Later, I was watching the kitties going after each other again- much stronger now, their tactics much more refined.  It was clear to me that as scrabbling siblings, they would be much more able to find their way in the wilder world than if they didn’t fight as often and as fiercely as they did.  They were more nimble, more cunning, more strategic because they were being perpetually challenged in a way that a human caretaker wouldn’t be able to imitate.

Indeed, it seemed that the natural world testified that fighting with our siblings is one of the many ways the young are prepared for the world they’ll have to navigate as adults.  So where did we get the idea that there was something wrong with our families if we fought with our siblings? How did this idea that there was something wrong with us, with them, with our families because we fought–ironically enough–intensify the fighting?  Take it from the realm of playful but informative parries & thrusts to soul-wounding experiences that damaged our sense of security and self-esteem?

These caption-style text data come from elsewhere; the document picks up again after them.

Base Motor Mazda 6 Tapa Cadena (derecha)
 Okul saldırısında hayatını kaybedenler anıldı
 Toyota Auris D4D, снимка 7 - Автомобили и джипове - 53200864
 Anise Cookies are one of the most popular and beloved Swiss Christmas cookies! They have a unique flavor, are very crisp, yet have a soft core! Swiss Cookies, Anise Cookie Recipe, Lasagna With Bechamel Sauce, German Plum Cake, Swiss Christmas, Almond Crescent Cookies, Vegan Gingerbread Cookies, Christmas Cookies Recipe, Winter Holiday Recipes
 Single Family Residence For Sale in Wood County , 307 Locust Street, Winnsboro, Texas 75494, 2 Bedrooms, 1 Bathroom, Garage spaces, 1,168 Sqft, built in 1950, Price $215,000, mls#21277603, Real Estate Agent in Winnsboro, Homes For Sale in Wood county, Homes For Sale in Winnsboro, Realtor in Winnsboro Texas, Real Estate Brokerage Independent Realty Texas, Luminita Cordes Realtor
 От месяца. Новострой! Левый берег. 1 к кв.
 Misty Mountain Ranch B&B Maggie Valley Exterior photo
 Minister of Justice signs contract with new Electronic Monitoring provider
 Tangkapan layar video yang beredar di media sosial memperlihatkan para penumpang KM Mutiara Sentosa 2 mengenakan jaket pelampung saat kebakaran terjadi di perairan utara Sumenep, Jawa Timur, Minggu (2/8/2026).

Mind you, I’m not advocating parents leaving children to rip each other to shreds– managing conflict and dispute and moving to forgiveness is part of the skill-set we need to be effective and productive adults.  What I am saying is that shifting our perception of the role of fighting would enable us to manage that conflict better.  Forgiveness would be almost unnecessary–do you need to forgive the people that you see as being integral to helping you develop the survival skills that have brought you this far?

How different would our lives be if we expected this to be a part of childhood? Saw it as perfectly normal and natural, and even a part of our education and preparation for adulthood?

Shifts things a bit, doesn’t it?

The stories we tell ourselves deeply effect our lives; our motivation, our sense of esteem, our confidence, our optimism.  Motivation, confidence, and optimism deeply impact our performance and outcomes.  Oftentimes, the answer to our performance issues doesn’t lie in getting more hours of contact with the information, or more organized with our schedules, but in addressing the stories we’re telling ourselves about our capacity and capabilities.  About what success means.  About what failure means.  How many “this always happens to me”s are you carrying around? Sure, getting enough contact with the information in a way that works for us is crucial, as is developing an organizational system we’ll actually use.  But if we have these things and we can’t manage to stay on track, its time to look deeper.

Do we think success will call us to leave something we cherish behind? Are we using failure to protect our self-esteem?

What stories are you living by? Are they serving you?  To find out, just start paying attention to the stories that run across your mind.  How does your body feel when you’re in these narratives? How do they impact how you see yourself? How do they impact your relationships with others?  Just watch and see what happens.

Are there other options? Is  the story you’ve been telling yourself the only interpretation of what’s going on? What could be some other interpretations?

Paying attention to what we tell ourselves is a very powerful way to put ourselves into the driver’s seat of our own lives.  Mind you, I’m talking about paying non-judgmental attention here: to judge, we’re likely telling ourselves another story. Try non-judgmental observation of your stories for a week.  What do you notice?